● Information shown
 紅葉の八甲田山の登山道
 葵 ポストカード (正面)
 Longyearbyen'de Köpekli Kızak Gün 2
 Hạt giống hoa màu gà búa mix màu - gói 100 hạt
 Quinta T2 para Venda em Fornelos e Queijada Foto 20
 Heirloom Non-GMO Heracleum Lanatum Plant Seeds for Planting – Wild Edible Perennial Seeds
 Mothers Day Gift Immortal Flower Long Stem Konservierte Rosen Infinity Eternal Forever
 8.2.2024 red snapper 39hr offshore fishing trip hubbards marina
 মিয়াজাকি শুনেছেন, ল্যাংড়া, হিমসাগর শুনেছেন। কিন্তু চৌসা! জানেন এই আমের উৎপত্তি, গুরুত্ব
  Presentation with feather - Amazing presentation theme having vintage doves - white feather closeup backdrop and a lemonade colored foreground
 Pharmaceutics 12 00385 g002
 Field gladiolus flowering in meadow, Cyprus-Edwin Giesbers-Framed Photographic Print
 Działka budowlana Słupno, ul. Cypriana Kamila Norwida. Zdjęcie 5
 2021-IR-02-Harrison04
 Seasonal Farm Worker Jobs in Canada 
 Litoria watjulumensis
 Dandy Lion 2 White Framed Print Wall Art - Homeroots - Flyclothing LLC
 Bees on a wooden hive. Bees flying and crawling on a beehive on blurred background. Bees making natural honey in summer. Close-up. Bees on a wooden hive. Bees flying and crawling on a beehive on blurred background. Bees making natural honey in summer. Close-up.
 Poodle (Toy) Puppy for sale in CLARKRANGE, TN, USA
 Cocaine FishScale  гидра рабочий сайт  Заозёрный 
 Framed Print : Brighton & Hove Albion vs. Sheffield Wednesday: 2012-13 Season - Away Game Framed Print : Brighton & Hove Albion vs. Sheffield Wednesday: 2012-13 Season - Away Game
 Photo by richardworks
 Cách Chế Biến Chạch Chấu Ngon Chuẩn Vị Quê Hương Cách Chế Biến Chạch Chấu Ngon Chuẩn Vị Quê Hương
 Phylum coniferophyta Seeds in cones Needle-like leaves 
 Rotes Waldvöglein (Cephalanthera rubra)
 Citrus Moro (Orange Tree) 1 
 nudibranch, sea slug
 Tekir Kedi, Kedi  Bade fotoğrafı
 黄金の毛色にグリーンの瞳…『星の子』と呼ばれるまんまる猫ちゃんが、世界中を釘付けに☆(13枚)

● Your goal
Everything in the material above from the line that has "মিয়াজাকি শুনেছেন, ল্যাংড়া, হিমসাগর" through the line that has "Pharmaceutics 12 00385 g002" must be duplicated exactly, with no other lines given.

● Output
 মিয়াজাকি শুনেছেন, ল্যাংড়া, হিমসাগর শুনেছেন। কিন্তু চৌসা! জানেন এই আমের উৎপত্তি, গুরুত্ব
  Presentation with feather - Amazing presentation theme having vintage doves - white feather closeup backdrop and a lemonade colored foreground
 Pharmaceutics 12 00385 g002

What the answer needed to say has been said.